Q2-dada2 trimming recommendations for ITS data

Hey folks,
I'm just starting to work with some soil ITS2 data for the first time and am looking for some recommendations regarding pre-dada2 prepping.
Unfortunately the reads I am working with are rather poor in quality, and from my experience with 16S data, my instincts tell me to use the forward reads only and truncate around 100bp.
My first question is, (if this was 16S and not ITS), would my 100bp truncate parameter be too conservative or would that be fitting given the quality plots?

Secondly, The DADA2 tutorial actually recommends NOT setting a truncate parameter for ITS data:

"If using this workflow on your own data: For common ITS amplicon strategies, it is undesirable to truncate reads to a fixed length due to the large amount of length variation at that locus. That is OK, just leave out truncLen. Make sure you removed the forward and reverse primers from both the forward and reverse reads though!"

I was wondering if this recommendation stays true for the q2-dada2 implementation?
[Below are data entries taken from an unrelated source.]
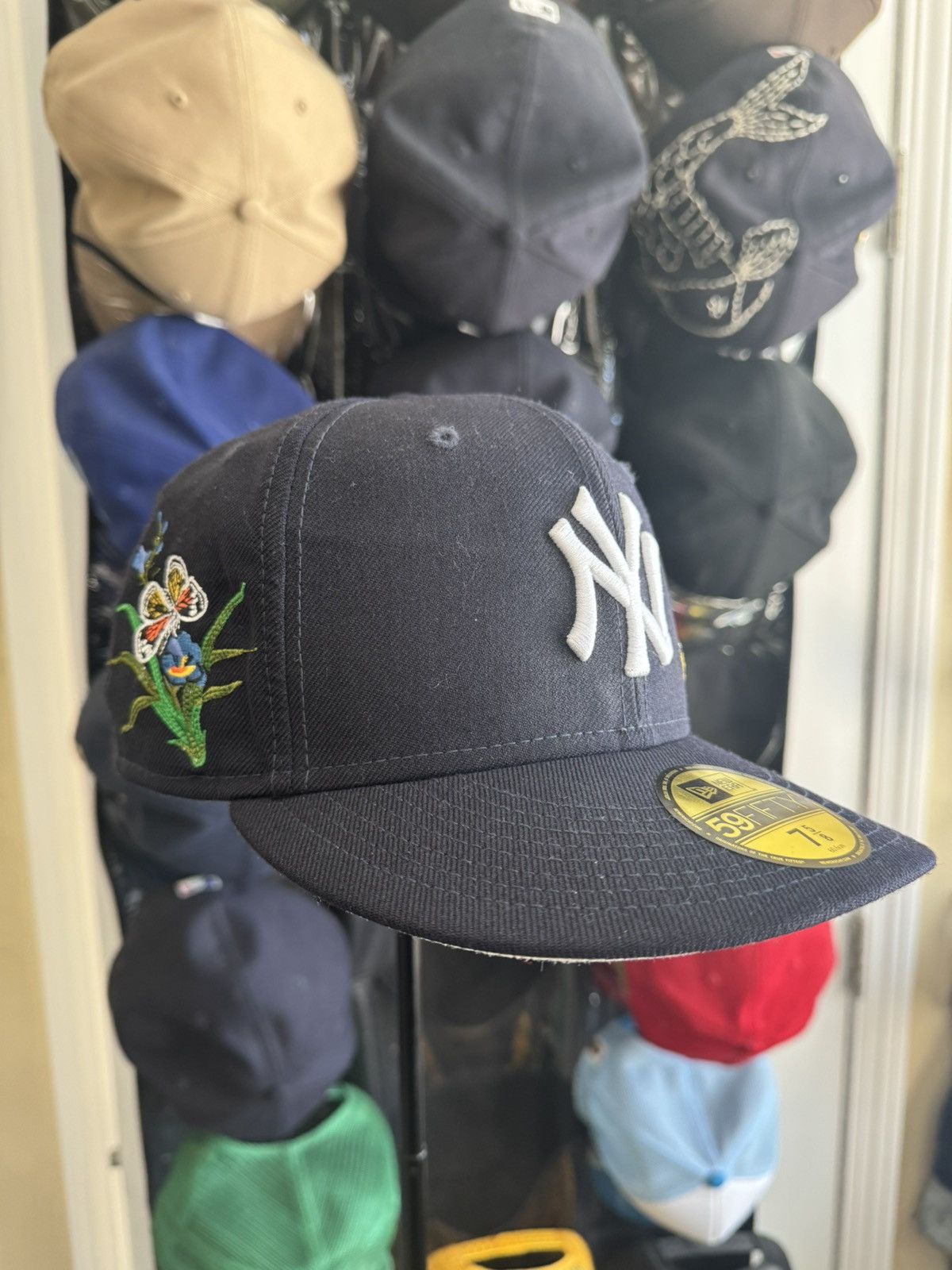 FELT FELT Yankees Fitted 7 5/8 Size ONE SIZE - 2 Thumbnail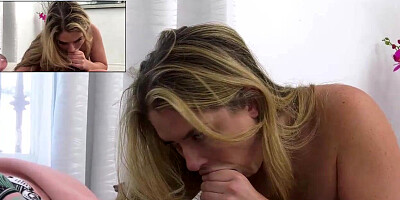 Riley Reign Sucks Stanger Ricos BBC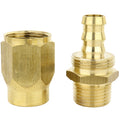 ULR Hose 1/2" Air Hose Assembly Repair Fitting -  1/2" MNPT Fixed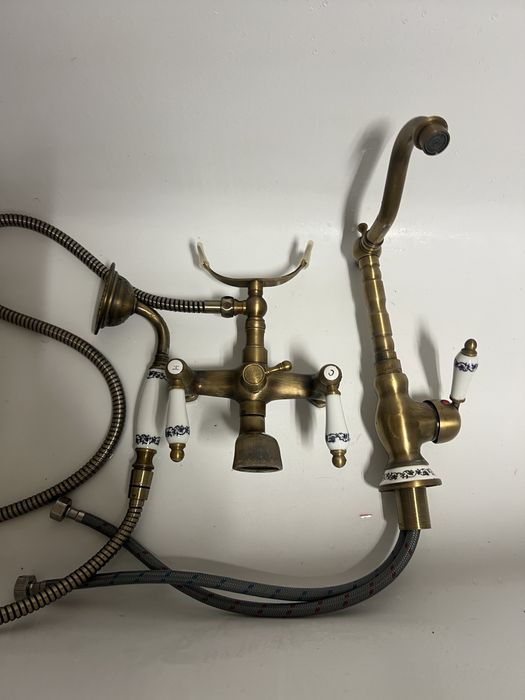 Baterie lavoir / dus bronz antichizat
Why or why not?

1 Like

Hey @Mehrbod_Estaki!

Your data actually looks pretty nice to me. The median score seems pretty reasonable up to ~200 on the forward, with the distributions falling in a pretty linear way.

That is also a perfectly fine way to do it.

Yep, that still applies to our plugin. Here is my rough understanding of the situation:

The reason to not truncate at a common length is to prevent systematic bias against certain clades which may have shorter than typical lengths for your primer-pair.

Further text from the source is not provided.